With manager Tony Waddington stressing that the team needed to improve its goal output, fans were disappointed not to see the squad strengthened as the 76/77 season approached. Indeed the only movement of players were outgoing ones, with the departing Ian Moores and Sean Haslegrave bringing in around £125,000 and keeping the wolves, temporarily at least, from the door.

The resultant 0-0 draw against Sunderland was to set the tone for much of the season, and Waddington reiterated the need for more goals after that game by declaring an interest in Newcastle United striker John Tudor. The veteran forward certainly knew where the goal was having scored 80 goals in around 250 appearances for Coventry, Sheffield United and Newcastle, but had missed most of the 75/76 season through injury. By the time he eventually arrived at the Victoria Ground, initially on a month’s loan, Stoke were 14th in the table having won 5 points from as many games.

Tudor’s impact was instantaneous. He scored inside two minutes (above) and grabbed his second goal with a magnificent diving header as Stoke beat Ipswich 2-1 in front of the Match of the Day cameras at The Vic. Waddington hadn’t been able to sign a player since bringing Peter Shilton to the club nearly three years earlier, but it looked like he’d worked his old magic again with this one…

Though Stoke’s away form was poor, the Victoria Ground was proving to be something of a fortress. The two points against Ipswich came in a run of seven consecutive home wins which also included victories over West Ham, Aston Villa, Derby, Middlesbrough and Birmingham, as well as Leeds United in the League Cup. All was not well within the corridors of the Victoria Ground though and with the bank piling on the pressure, the Stoke board accepted a bid of £100,000 for Jimmy Greenhoff from the hated Manchester United.

The Stoke fans were stunned, hurt and angry. Greenhoff had just scored twice in the 3-1 victory over Middlesbrough and it was clear to see from a BBC ‘Football Focus’ interview alongside his brother Brian, that he hadn’t wanted to leave Stoke. Tony Waddington too had unsuccessfully appealed to the club not to accept Tommy Docherty’s bid and wrote in his following programme notes that he would always regret the sale of Jimmy Greenhoff.

It was Waddington and not the board who bore the brunt of the fans’ frustrations though, and even though a fantastic Garth Crooks winner against Birmingham in the first game after Jimmy’s departure put Stoke in 9th place there were calls for the manager’s head.

The sales weren’t to end with Greenhoff’s departure. Before Christmas, it was Alan Hudson’s turn to leave after the club accepted a £200,000 bid from Arsenal. Though a blow to Waddington, this sale wasn’t the bolt out of the blue that Jimmy’s departure had been. Hudson had been struggling with a niggling stomach injury and had intimated his desire to leave for London several times before he packed his bags for Highbury.

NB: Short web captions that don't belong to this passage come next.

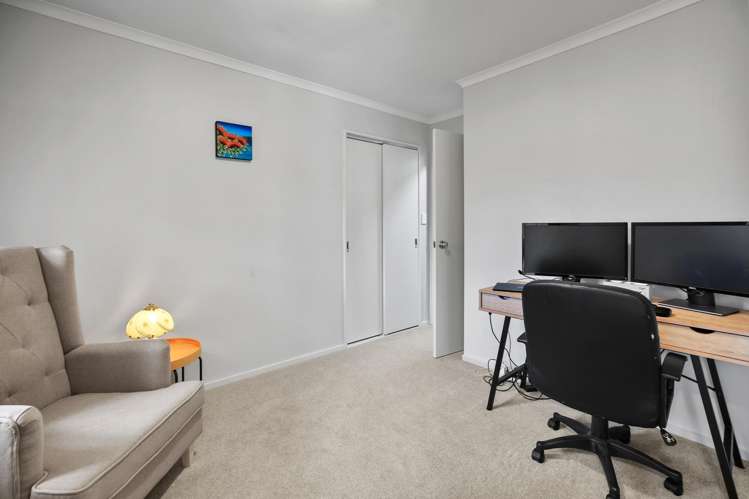 1585 Te Rahu Road Te Awamutu_14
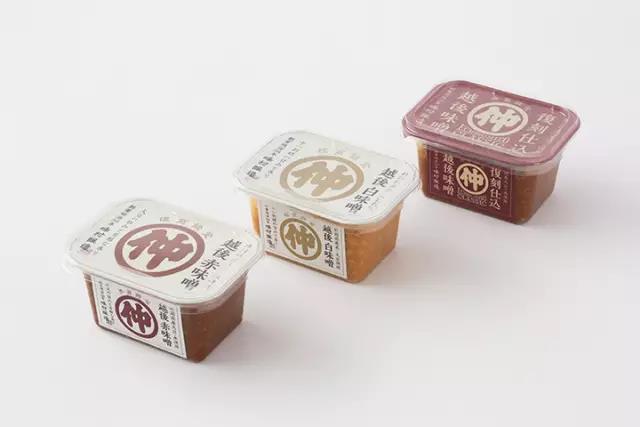最新私房菜logo设计案例分享，又简单又好看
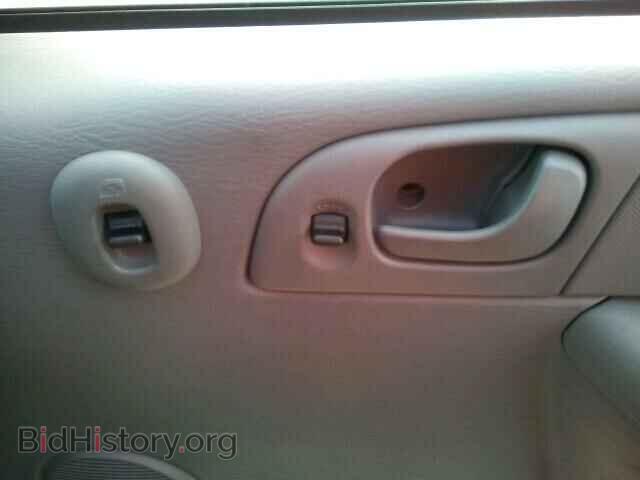 2005 DODGE CARAVAN - VIN: 1D4GP24R45B396379 - Фото 9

Nevertheless, the heart had been ripped out of the Stoke team and form plummeted. From a top ten position after that Birmingham victory, Stoke scored just one goal in eight games during a weather ravaged winter, and even that came courtesy of a fluke at Carrow Road when a defensive clearance cannoned off the chest of Geoff Salmons and into the Norwich net to earn The Potters a fortuitous point. The early form of Tudor had disappeared and he was looking a busted flush, adding just one more goal to his tally, in the 1-0 win against Derby.

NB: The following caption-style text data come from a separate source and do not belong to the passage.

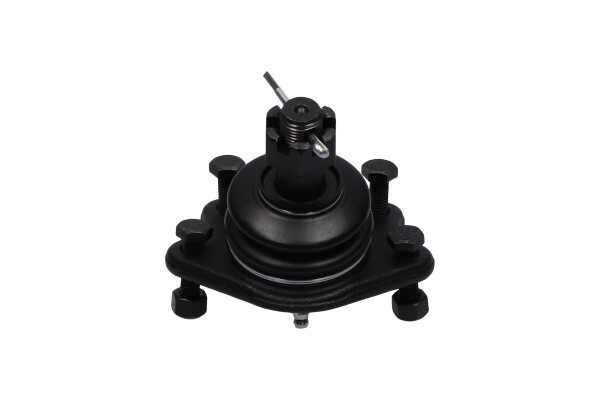 Kulled / Spindelled, framaxel höger, framaxel vänster, Fram, höge KAVO PARTS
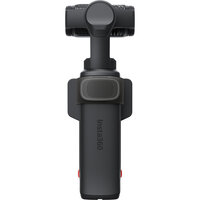 Insta360 Luna Ultra Standard Bundle - Cosmic Black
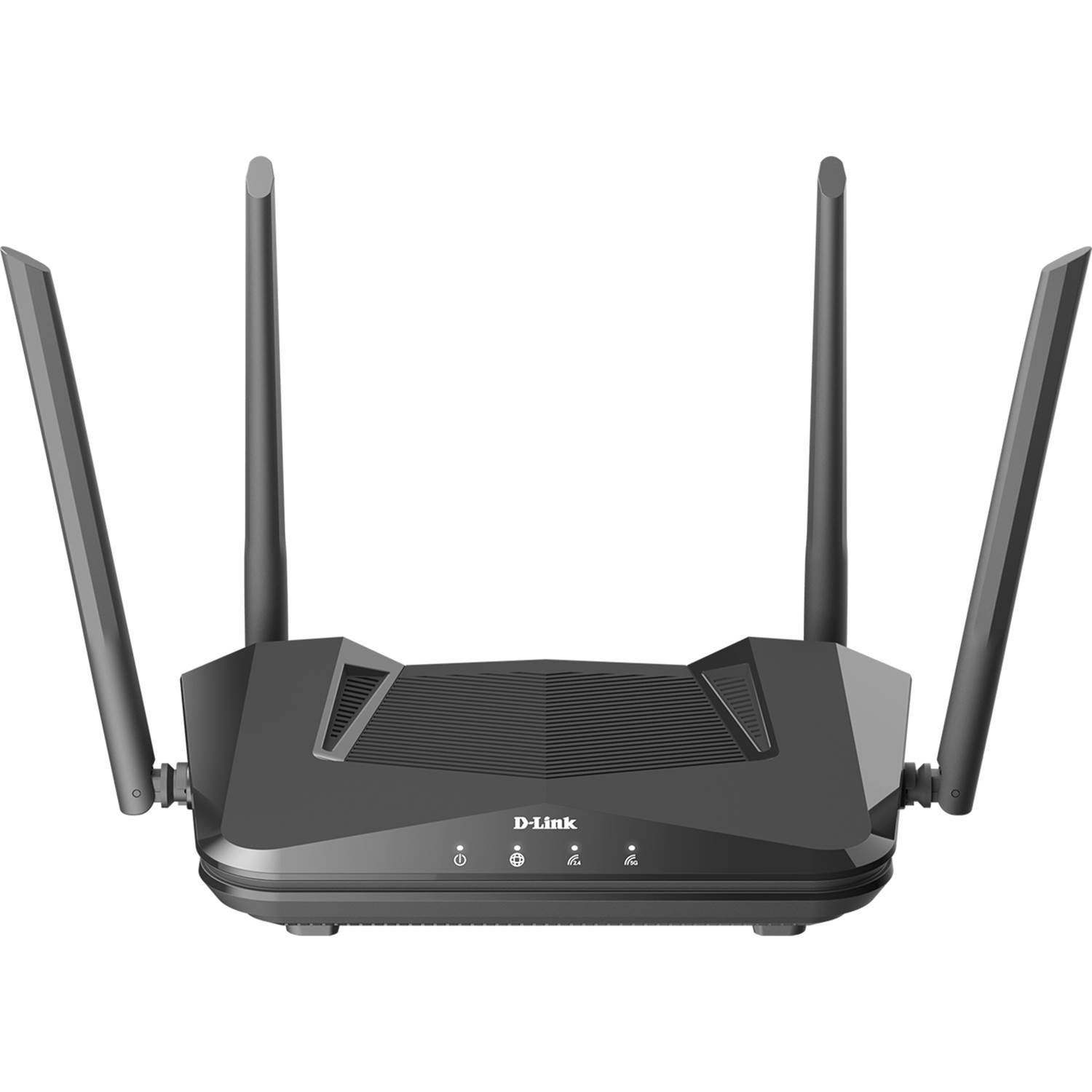 D-Link AX1500 Wi-Fi Router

Stoke were in desperate need of strengthening, but despite the board’s insistence that money was available for new signings if the right players became available, the signing of Alan Suddick from Blackpool for £12,000 on New Year’s Eve undoubtedly painted the true picture. Suddick had been a fine player but was well past his best and was on the verge of signing on loan for a Third Division club before accepting Tony Waddington’s offer!

He would play only six games before injury forced him to miss all but the last three games of the season.

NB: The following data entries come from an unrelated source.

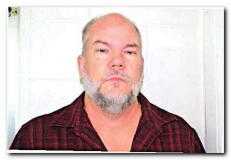 Offender David Carl Shaffer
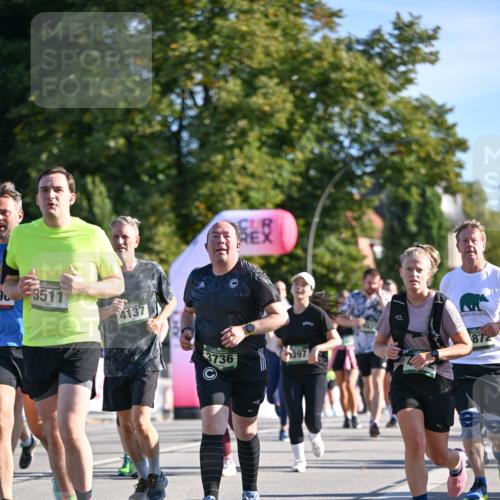 07.09.2025 - BARMER Alsterlauf Dr. Thomas Lammeyer http://msf.ph/oto/8713904 07.09.2025 09:46:15 Laufen 93511, 4137, 3736, 397, 872 meine-sportfotos.de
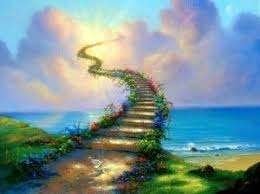 GEVRAAGD: (grote) partijen SPIRITUELE Boeken, Boeken, Ophalen of Verzenden, Zo goed als nieuw, Spiritualiteit algemeen, Overige typen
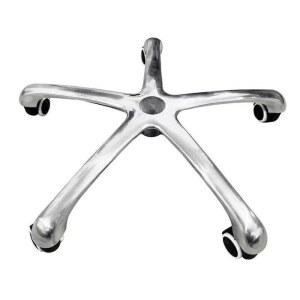 의자다리 교체 바퀴 액세서리 회전 다리부속 다리 사무용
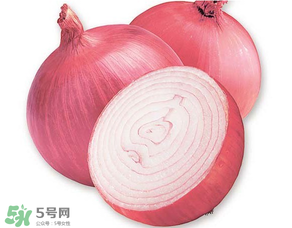 洋蔥變黑可以吃嗎？洋蔥為什么變黑？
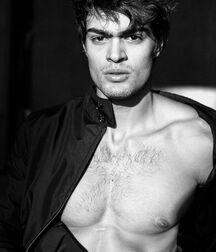 IAGO BOTELHO - BRAZILIAN MODEL 618e6f5a1af0e.jpg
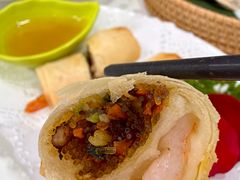 -荷花泰菜(东方新天地店)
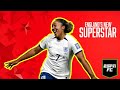 Why Lauren James is England’s new superstar ⭐️ | ESPN FC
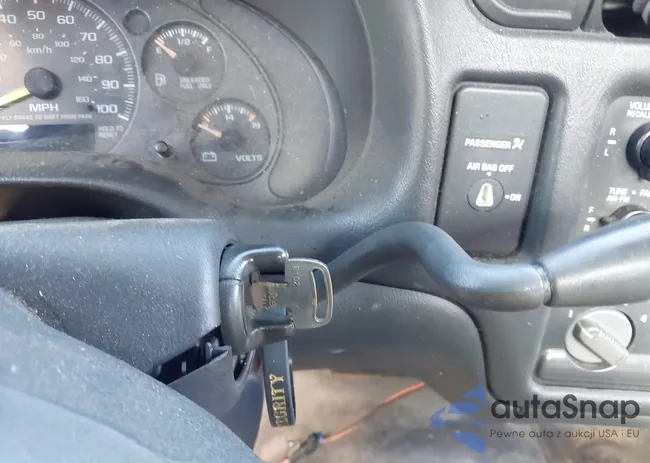 1GTCS14X9W8527405: 43604729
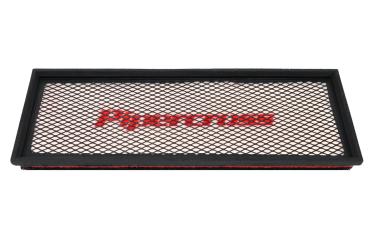 Pipercross Luftfilter für Ford Mondeo I 2.0 16V
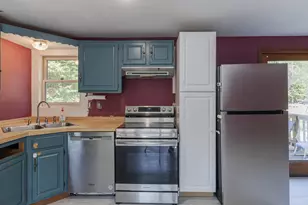 12 Rabbit Hollow Rd, Winchester, NH 03470 - Photo 13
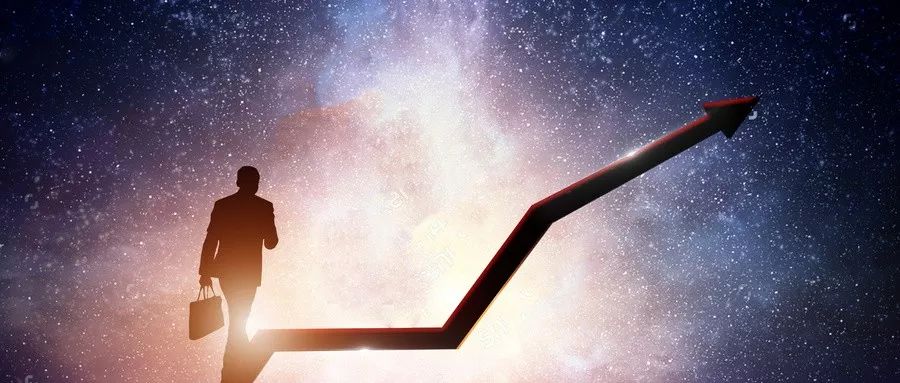 坤鹏论：市盈率要看多年平均，还要用多年平均利润来计算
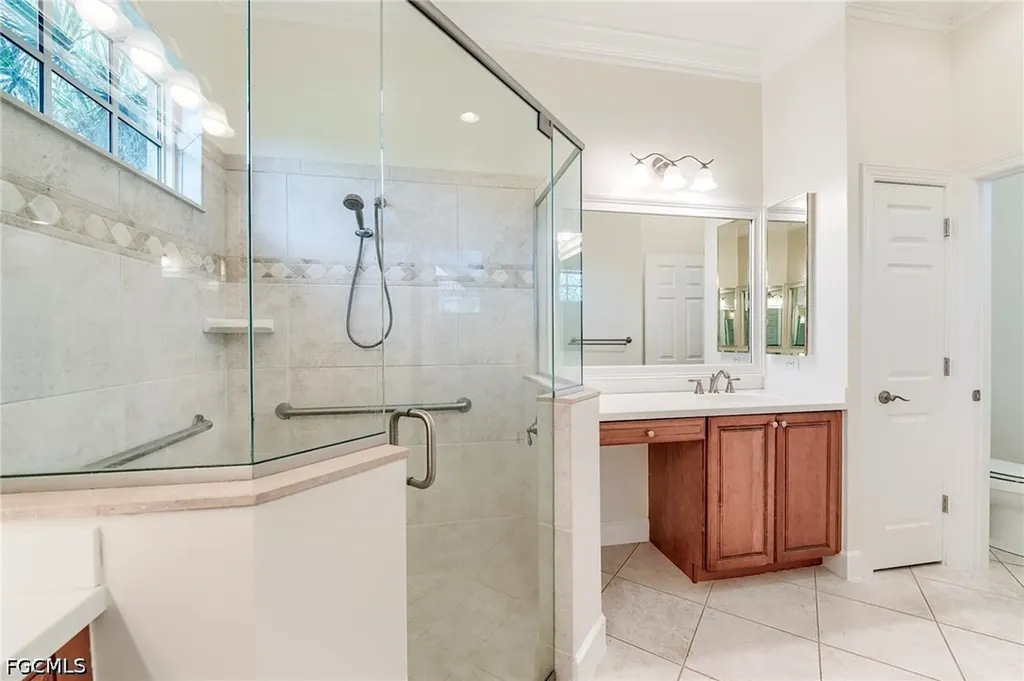 8917 Greenwich Hills Way Fort Myers FL 33908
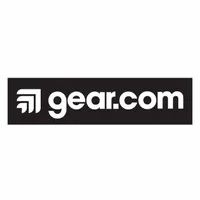 Gear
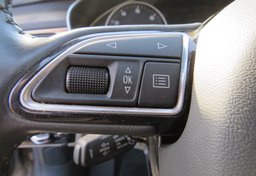 2018 Audi A7 - Image 42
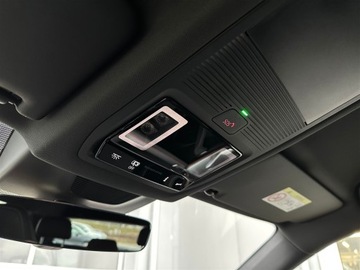 Skoda Kodiaq II SUV Plug-In 1.5 TSI Plug-In Hybrid 204KM 2024 Skoda Kodiaq 1.5TSI mHEV 204KM Selection DSG l LED, zdjęcie 29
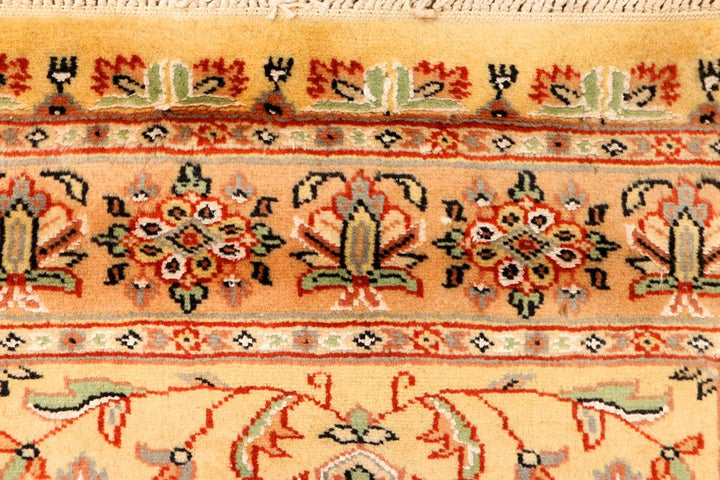 Caucasian 2' 7 x 9' 5 - No. 38272 - ALRUG Rug Store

The Potters managed to briefly rally with three wins during February and early March, including their only away win of the season courtesy of a David Goodwin goal at Ipswich, but another sale – this time left back Mike Pejic leaving for Everton for £135,00 – further weakened the squad.

Tony Waddington and Chairman Albert Henshall

Things came to a head on March 19th when a late Frank Worthington goal gave Leicester both points in an appalling game at the Victoria Ground. Again it was Tony Waddington who was signalled out by the irate crowd and following calls for his head, Waddo ended his 25 year association with the club by handing in his resignation.

The board turned to Waddo’s assistant, League Cup Final hero George Eastham to revive the team’s flagging fortunes. Stoke lay five points clear of the bottom three and with thirteen games remaining and some eminently winnable games against teams near the foot of the league, fans still expected the team not to be drawn into the relegation scramble.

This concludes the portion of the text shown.